Gonzalo Lira http://gonzalolira.blogspot.com/ with a balanced assessment of Julian Assange and Wikileaks. I’m guessing Part II won’t be so balanced. I already see his point about the new McCarthyism. Let’s see what our deep Republican thinkers have to say about Julian Assange. Since Republicans are the keepers of Liberty, Truth and Freedom, I’m sure they are suportive of Mr. Assange.
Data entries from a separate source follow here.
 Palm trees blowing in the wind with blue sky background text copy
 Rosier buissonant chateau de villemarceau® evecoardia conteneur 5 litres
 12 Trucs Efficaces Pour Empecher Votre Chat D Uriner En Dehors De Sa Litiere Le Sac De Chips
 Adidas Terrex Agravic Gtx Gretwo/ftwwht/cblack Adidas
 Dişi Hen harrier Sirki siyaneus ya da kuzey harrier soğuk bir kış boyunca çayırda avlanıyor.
“Whoever in our government leaked that information is guilty of treason, and I think anything less than execution is too kind a penalty.” – Mike Huckabee
“Assange is not a ‘journalist,’ any more than the “editor” of al Qaeda’s new English-language magazine Inspire is a ‘journalist.’ He is an anti-American operative with blood on his hands. What if any diplomatic pressure was brought to bear on NATO, EU, and other allies to disrupt Wikileaks’ technical infrastructure? Did we use all the cyber tools at our disposal to permanently dismantle Wikileaks? Were individuals working for Wikileaks on these document leaks investigated? Shouldn’t they at least have had their financial assets frozen just as we do to individuals who provide material support for terrorist organizations?” – Sarah Palin
These fascists are two of the leading Republican candidates for President in 2012. Hitler was elected to office too.
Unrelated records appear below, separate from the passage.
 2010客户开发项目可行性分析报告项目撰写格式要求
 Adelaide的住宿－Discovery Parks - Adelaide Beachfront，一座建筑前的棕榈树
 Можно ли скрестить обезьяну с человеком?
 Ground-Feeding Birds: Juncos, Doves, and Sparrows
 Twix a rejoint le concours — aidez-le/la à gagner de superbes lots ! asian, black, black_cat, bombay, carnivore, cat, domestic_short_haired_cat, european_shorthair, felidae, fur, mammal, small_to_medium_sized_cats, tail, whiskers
Let’s see what an American who REALLY believes in the truth has to say about Wikileaks:
“In a free society, we are supposed to know the truth. In a society where truth becomes treason, however, we are in big trouble. The truth is that our foreign spying, meddling, and outright military intervention in the post-World War II era has made us less secure, not more. And we have lost countless lives and spent trillions of dollars for our trouble. Too often “official” government lies have provided justification for endless, illegal wars and hundreds of thousands of resulting deaths and casualties.” - Ron Paul
The Case of Wikileaks, Part I—The Hacker’s Treehouse
This is the first of a two-part examination of Wikileaks. Part II, “The New McCarthyism” will be posted on Thursday morning.
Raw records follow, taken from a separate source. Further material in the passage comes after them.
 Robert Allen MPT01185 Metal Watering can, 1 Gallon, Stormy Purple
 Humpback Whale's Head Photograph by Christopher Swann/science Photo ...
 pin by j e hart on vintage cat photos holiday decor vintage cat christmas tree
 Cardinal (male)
It’s only when you poke the beast that you get a sense of its true nature.
The American government, media, and corporate establishment are all in a tizzy over the latest poke from Wikileaks:
The “whistleblowing” site (it really isn’t, but I’ll get to that in a minute) is releasing excerpts from a cache of some 250,000 diplomatic cables and other documents. These cables were sent from various American embassies back to the State Department between 1966 and 2010. The leaks have been dripping out since November 28, revealing a whole host of tawdry but so far trivial tidbits of American diplomatic behavior.
None of the “secrets” revealed by Wikileaks are really secrets: They’re mostly confidential appraisals of the U.S.’s allies and rivals; much of it is gossip, or merely pedestrian—demonstrably so:
Of the 251,287 documents Wikileaks has obtained, 134,000 are outright unclassified; 102,000 are classified “confidential”; and 15,652 are classified as “secret”. Source is linked here, confirmation is linked here.
None of these documents are classified “top secret” or higher—anyone claiming that they are “top secret” or that they “put lives in danger” is at best exaggerating, and at worst lying.
The reason none of the data Wikileaks acquired was “top secret” or higher in its classification is because the data in question was accessed through the SIPRNet system (Secret Internet Protocol Router Network) that the U.S. government has set up. This is a sort of parallel internet for the Department of Defense and the State Department. Three million people have access to SIPRNet, which by design handles at most “secret” documents. Material rated “top secret” or higher in the classification scale use a completely different system, accessed by far fewer individuals.
So the latest Wikileaks “revelations” are actually not particularly important, in and of themselves.